▸ AIM OF THE TASK
Your answer must be an exact retyping of the line containing "塔斯汀五香肉饼中国汉堡上新了" and every line after it through the end of the records below, with no pictures and nothing else.

(Image-text web data)
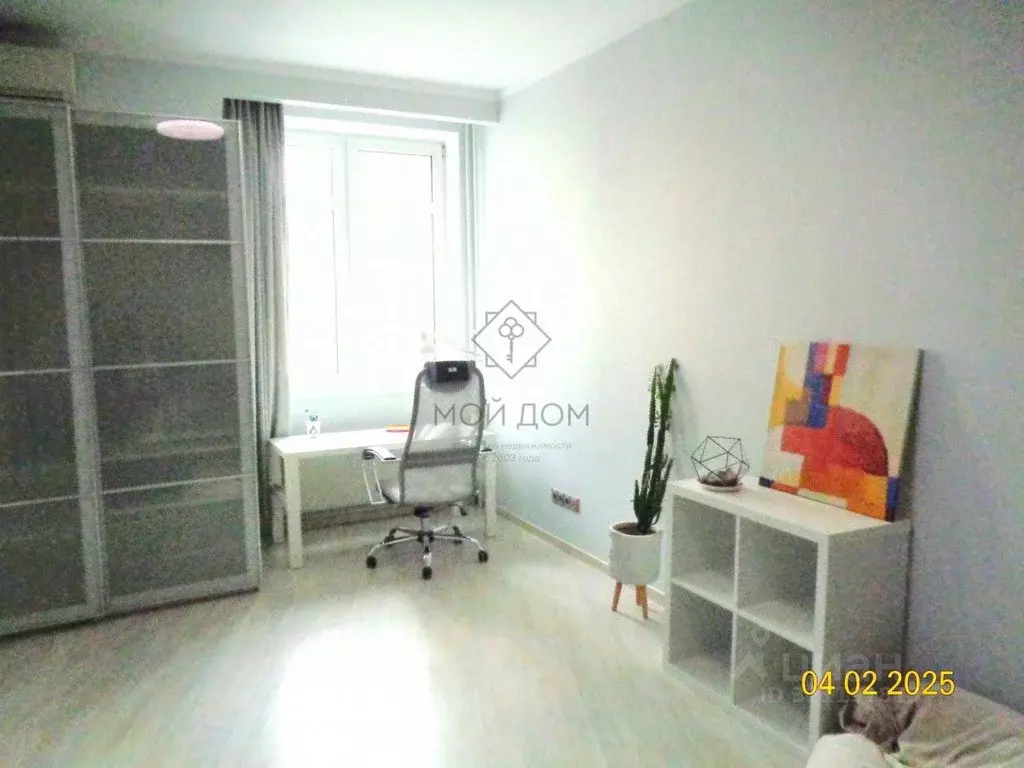 1-к кв. Москва ул. Ватутина, 18К2 (42.0 м) - Фото 0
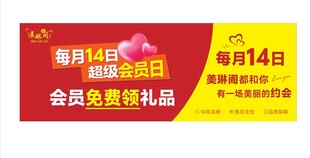 每月14日会员日优惠活动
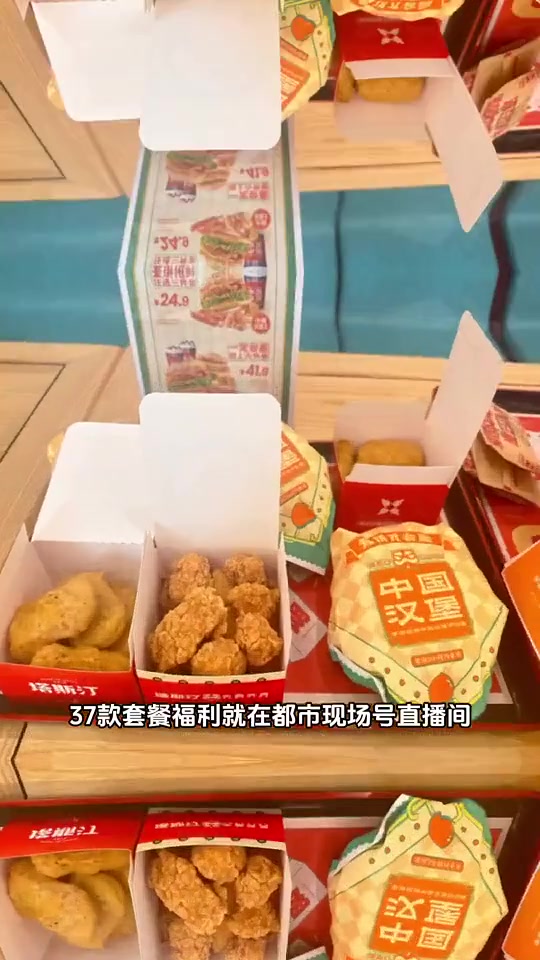 塔斯汀五香肉饼中国汉堡上新了,8月22日都市现场号直播间,不见不散哦!塔斯汀闽南风味汉堡上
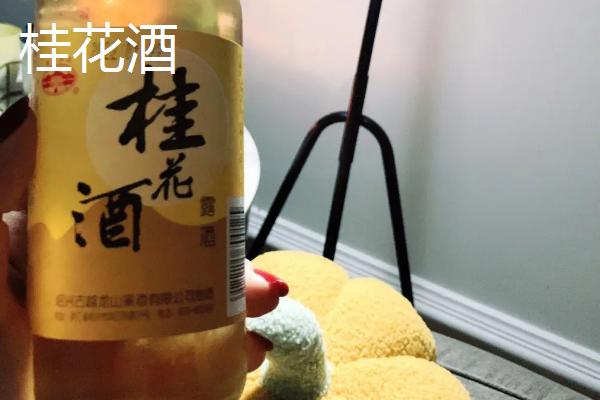 桂花能不能食用，可以食用且味道可口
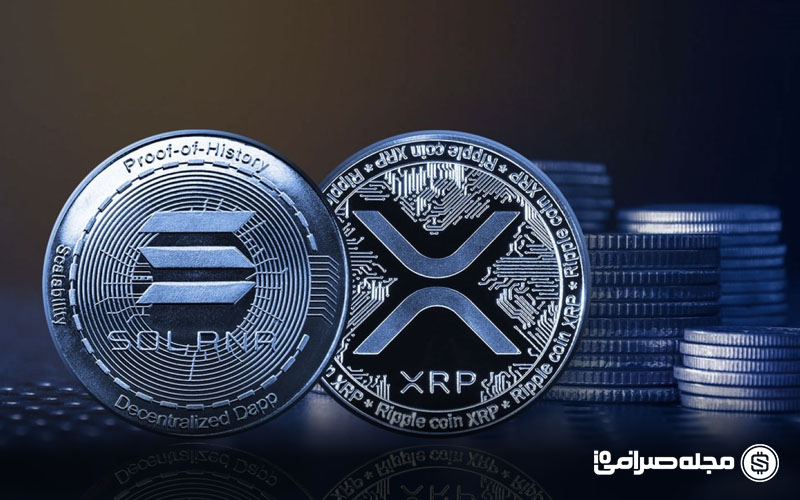 مقایسه XRP و Solana: کدام بلاکچین برای آینده بهتر است؟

▸ EXERCISE RESULT
 塔斯汀五香肉饼中国汉堡上新了,8月22日都市现场号直播间,不见不散哦!塔斯汀闽南风味汉堡上
 桂花能不能食用，可以食用且味道可口
 مقایسه XRP و Solana: کدام بلاکچین برای آینده بهتر است؟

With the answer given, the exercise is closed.